**AIM OF THE EXERCISE**
Locate the line that contains "Кронштейн подушки двигателя". Retype it and every line after it to the end of the records, exactly, but not the pictures.

**EXERCISE INPUT**
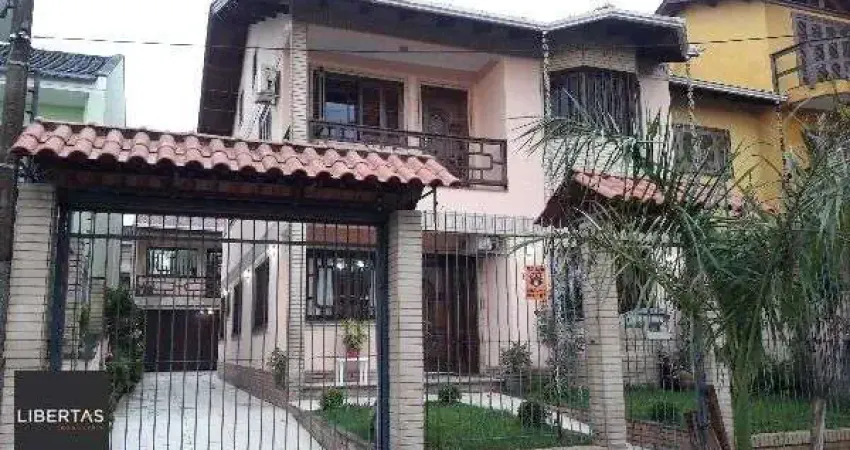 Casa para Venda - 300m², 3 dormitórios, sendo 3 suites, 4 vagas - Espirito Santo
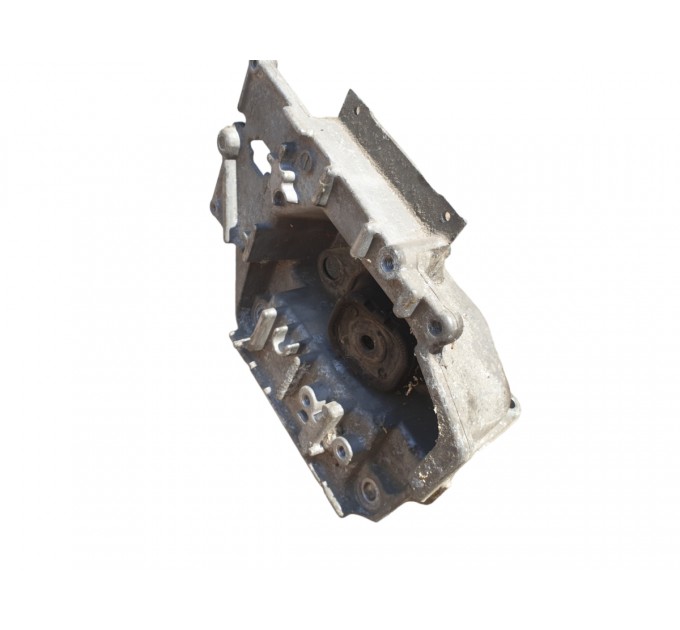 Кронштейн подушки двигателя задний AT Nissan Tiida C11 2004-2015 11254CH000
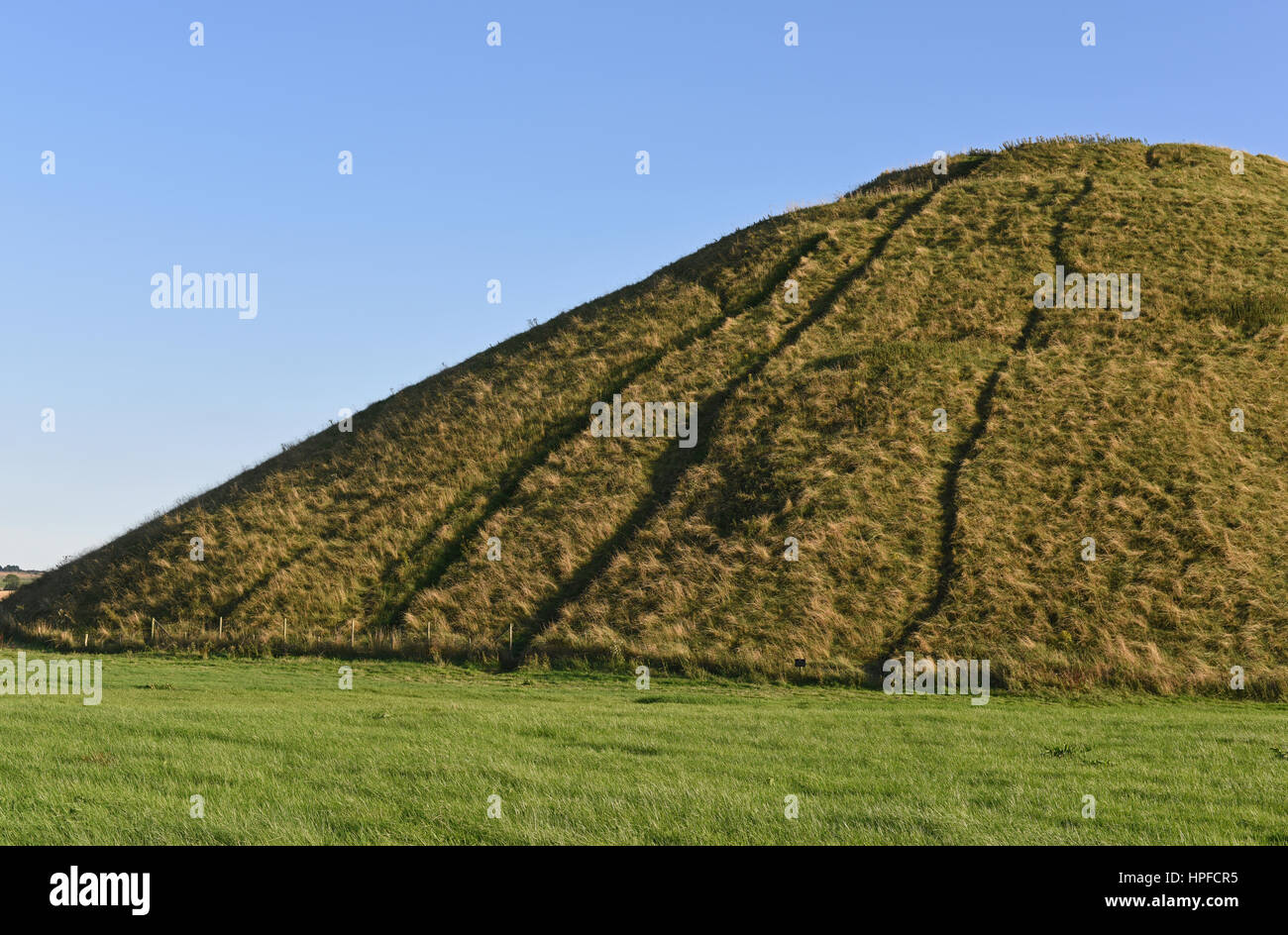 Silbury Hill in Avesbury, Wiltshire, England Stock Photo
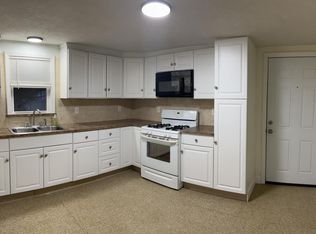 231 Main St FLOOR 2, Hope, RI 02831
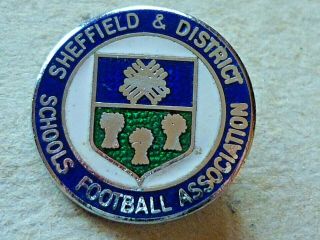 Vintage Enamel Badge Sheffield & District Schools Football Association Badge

**OUTPUT OF THE TASK**
 Кронштейн подушки двигателя задний AT Nissan Tiida C11 2004-2015 11254CH000
 Silbury Hill in Avesbury, Wiltshire, England Stock Photo
 231 Main St FLOOR 2, Hope, RI 02831
 Vintage Enamel Badge Sheffield & District Schools Football Association Badge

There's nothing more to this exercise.